Beyond the vile, degrading and disgusting behaviour displayed in "Visitor Q" is ultimately a tale about familial alienation, parental failure and repressed emotions and desires. The titular visitor is the enigmatic, unknown and unknowable quantity that repairs the broken family, his motives are never known. The visitor also has a direct relationship with Miike's objective camera, suggesting on some level that the visitor is aligned with the audience. The presentation of the film is stylistically coherent, and all the more impressive for its ultra low budget ($70,000). Miike enjoys the freedom the digital format gives him, and as Lynch did with "Inland Empire" gets up to all kinds of subjective/objective point of view mischief. This is an excellent example of Miike's exaggerated content, working in tandem with an unexaggerated style.

Movie Review: Visitor Q
Summary: 4 Stars

A singular nuclear Japanese family - father, mother, son, daughter - spend a movie committing incest, physical parental abuse, necrophilia, murder and dismemberment, and various other weird and wicked deeds. A mysterious, rock-wielding, scruffy young man joins the family and, eventually, changes occur.
Words like `aberrant' and `taboo-bashing' are used inadequately to describe Takashi Miike's VISITOR Q. It's an ink-black dark comedy, one that lingers over and delights in shocking scenes that more polite sleazy movies only hint at.
For instance, VISITOR Q opens with an off-camera woman asking "Did you ever do it with your dad?" A question immediately followed by Daughter and Dad haggling over price and service. A disturbing conversation which continues through disrobement to consummation. It's a potentially unendurable scene that ends with Daughter taunting Dad by calling him "early bird." Dad's eventual remorse seems almost an afterthought. This isn't nearly the worst scene in the movie, either. I won't give it away, but that graphic and extended sequence begins with Dad saying "I don't care if you are a corpse...."
Strong stuff, but the movie holds its curiously upbeat characters at enough of a distance and blurs the difference between victim and victimizer often enough to make it safely surreal.
I liked VISITOR Q without really understanding what it meant or where it took us. For instance, the scruffy young man seemed to be a pivotal character but I don't know why he went around hitting people over the head with rocks. Maybe he was knocking sense into them. Maybe, as another character suggested, he was there to destroy the family. The final sequence is bizarre, a bit shocking, and indecipherable, as well. At least it seemed optimistic.

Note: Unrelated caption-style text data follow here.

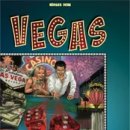 둔촌대로 101번길 이미지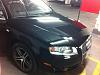 2006 Audi A4 - ,500-img_4701.jpg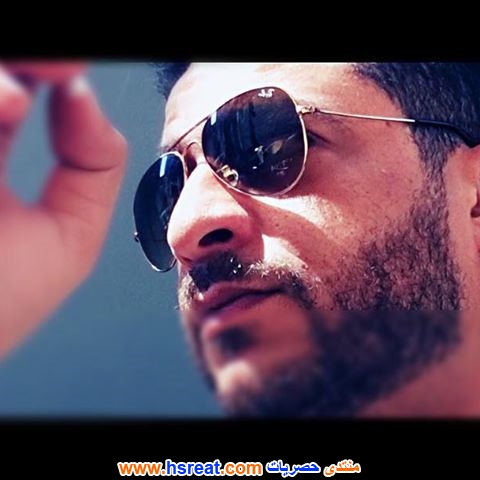 أيمن-سابق-12.jpg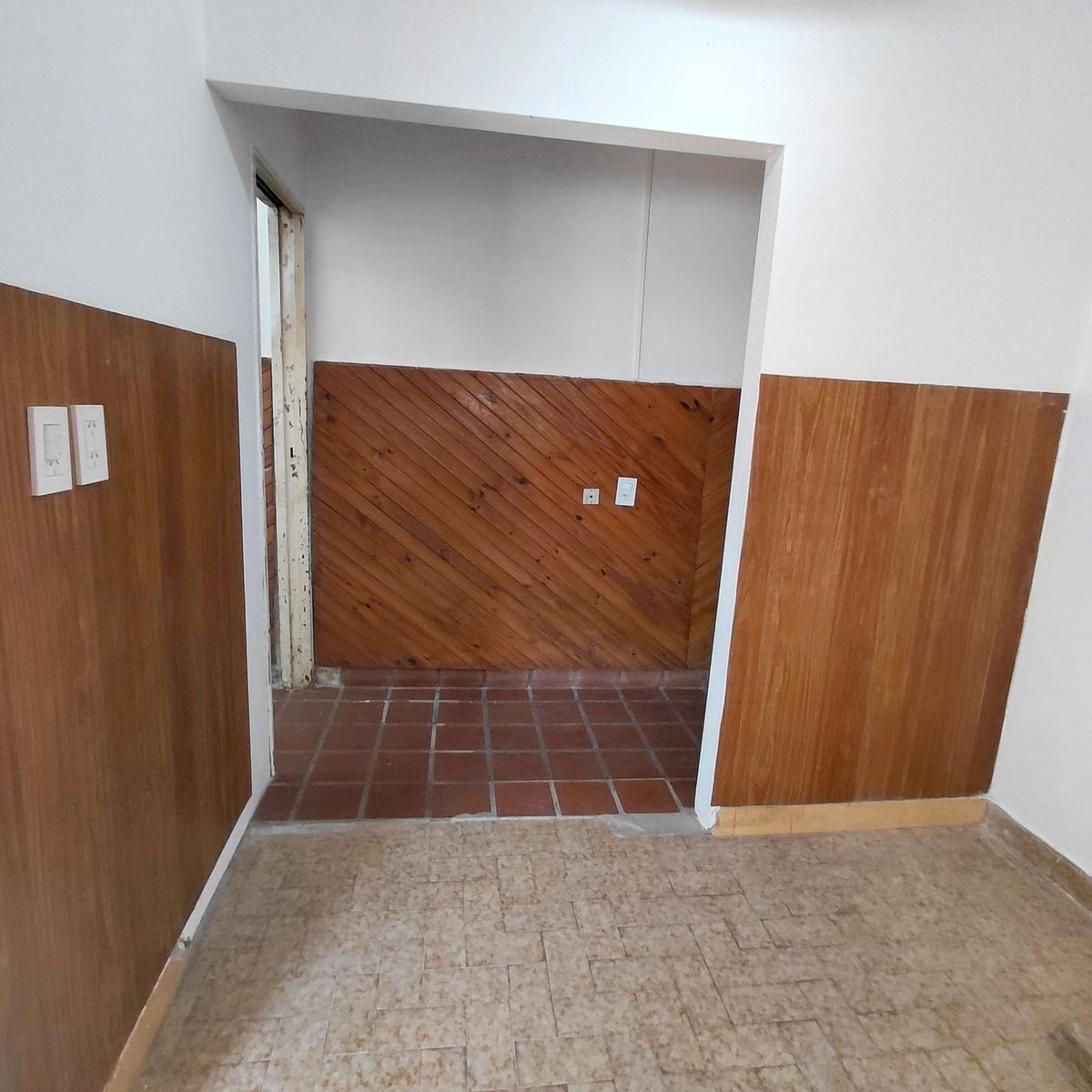 PH EN VENTA LOMA HERMOSA DE 3 AMBIENTES - 28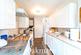 Additional image 8 of Lismore Drive, Birmingham, West Midlands, B17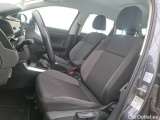  Volkswagen  Taigo  Life Business 1.0 TSI 110CV BVA7 E6d #8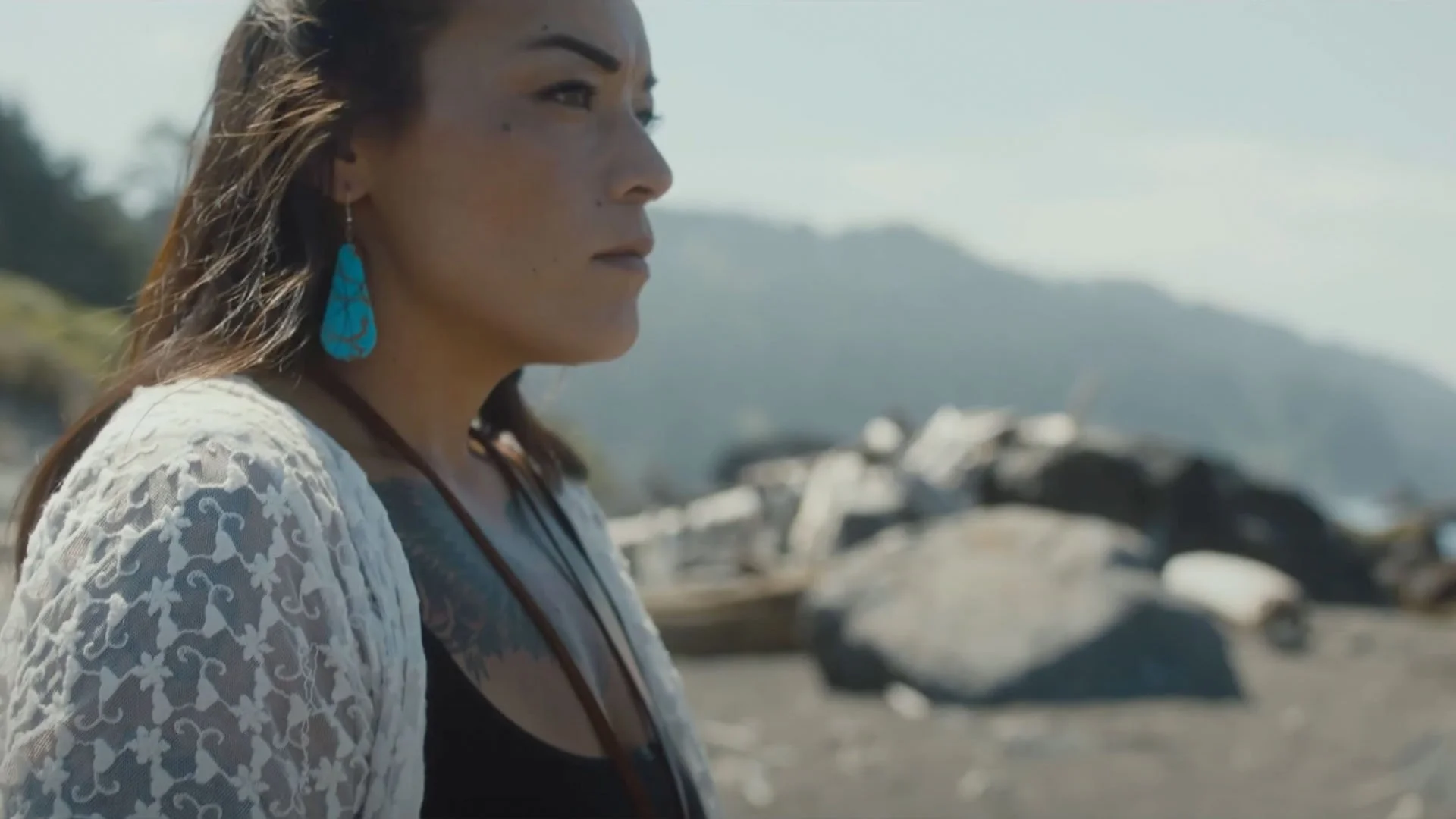 Boil Alert_Layla Staats 2.jpg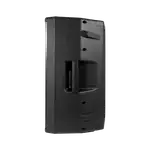 CAJA PASIVA 15 PULG., 350W RMS, 50OZ, 2.5"VC, 44MM - Miniatura 4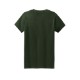 Gildan® Heavy Cotton™ 100% Cotton Ladies' Tee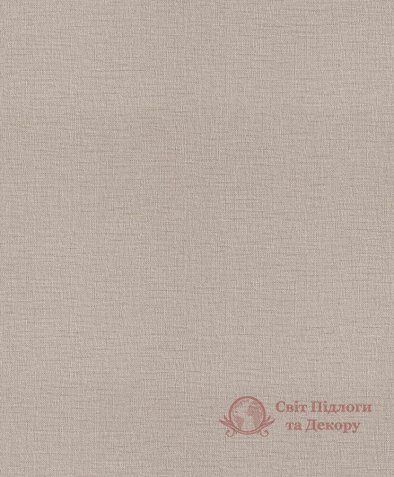 Шпалери Rasch, кол. B.B home passion 2016 арт. 716917 фото №1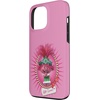image:imageTrolls  Holiday in Harmony Gift Queen Portrait Case for iPhone 17iPhone 13 Pro Max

Movie Review: bizarre metaphor for family life
Summary: 4 Stars

wow. this movie really got to me. the first scene in the film establishes the depths of immoral and distastefulness that follows. opening with an intense scene where a man makes love to a young prostitute, then finding out who the prostitute is really strikes a nerve in you. the plot follows with almost no sense and no taste but presented with great acting and great direction. it's basically revolves around a family that each member has their own sick and twisted problems. normally in any other hollywood/american film you'd encounter only one of these problems [or some problems not at all] but all wrapped up together brings it together to produce a very interesting family. a visitor [i'm assuming 'visitor q'] enters into the situation. although i felt his actions weren't as impactful and uplifting as it should've been he still brought the whole family together in a well... less than wholesome way. with his violent and bizarre and intimate solutions, he teaches the lesson that "families should stick together under any circumstance". and trust me, some circumstances are incredibly messed up. this movie is one of those movies where you'll find yourself saying after many scenes "wow, i didn't think i'd ever see something like that in a movie" but then you'll be found laughing over it. it is disturbing, but really if you're like me and you watch a lot of these over-the-top movies it'll still shock you but not in a 'irreversible-rape-scene' kind of way.

great flick, way more enjoyable and stimulating than 'happiness of the kitakuris'. takashi miike is awesome.